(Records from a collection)
───

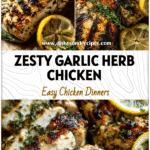 Garlic Herb Grilled Chicken with Fresh Lemon Marinade Flavor 5 Close-up of Garlic Herb Grilled Chicken with fresh herbs and lemon slices showcasing a Light Lemon Garlic Marinade.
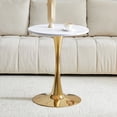 thumbnail image 3 of Miekor Furniture Round Dining Table, 23.6" Circle Tulip Table with Thickened Tabletop & Metal Pedestal, Mid Century Modern Bistro Table for Kitchen, Small Places, Living Room, Cafe (White) No.2751, 3 of 8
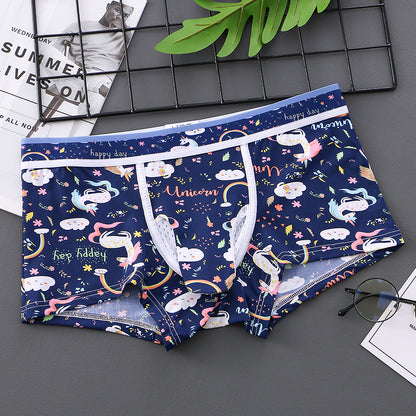 Men's Ice Silk Printed Boxer Briefs – Soft Nylon Knit Underwear 20 Designs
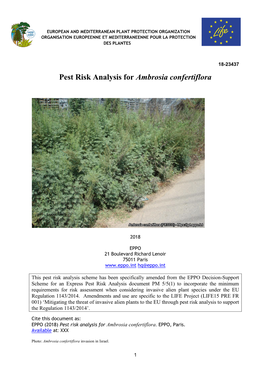 Pest Risk Analysis for Ambrosia Confertiflora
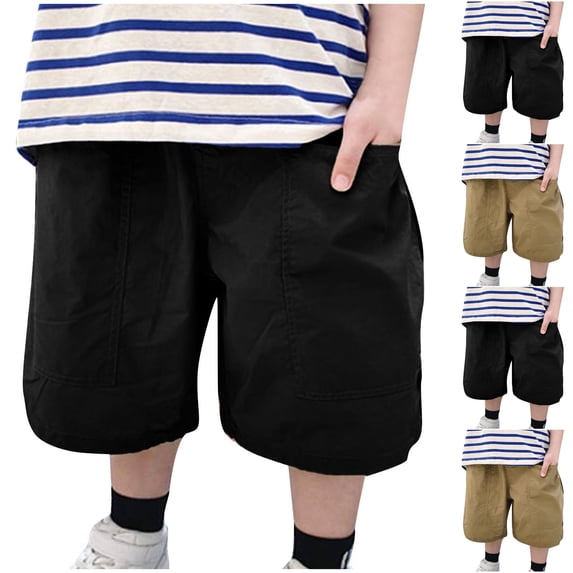 LIBRCLO Boys Cargo Shorts Size 9 Years Athletic Thin Durable Quick Dry Shorts with Pockets Black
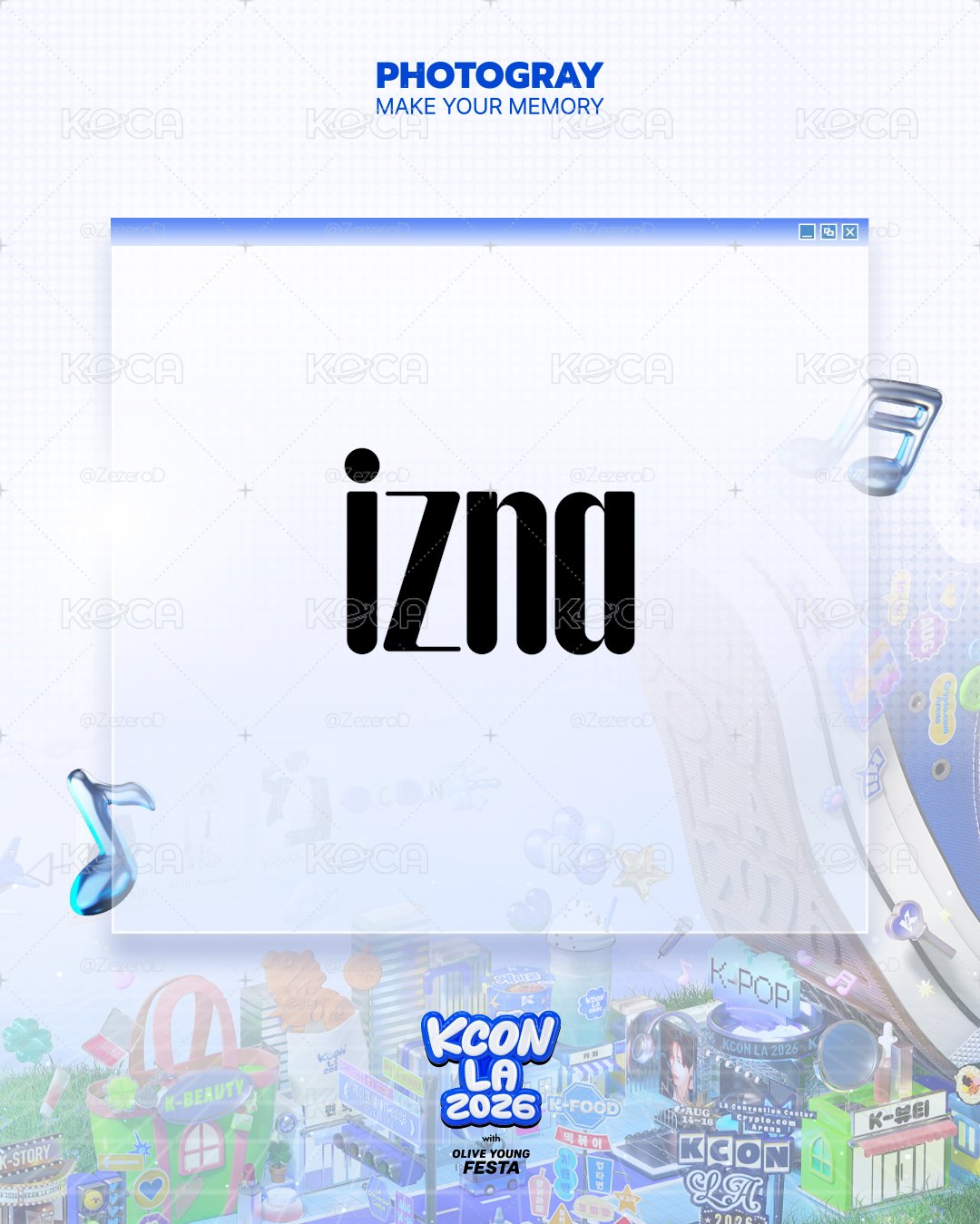 izna X [KCON LA 2026 X PHOTOGRAY] 人生四格卡 代印 1組兩張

───

Exercise objective: A word-for-word copy of the lines from the one containing "LIBRCLO Boys Cargo" through the last line of the records is what is wanted, without pictures and without any other line.

Task solution:
 LIBRCLO Boys Cargo Shorts Size 9 Years Athletic Thin Durable Quick Dry Shorts with Pockets Black
 izna X [KCON LA 2026 X PHOTOGRAY] 人生四格卡 代印 1組兩張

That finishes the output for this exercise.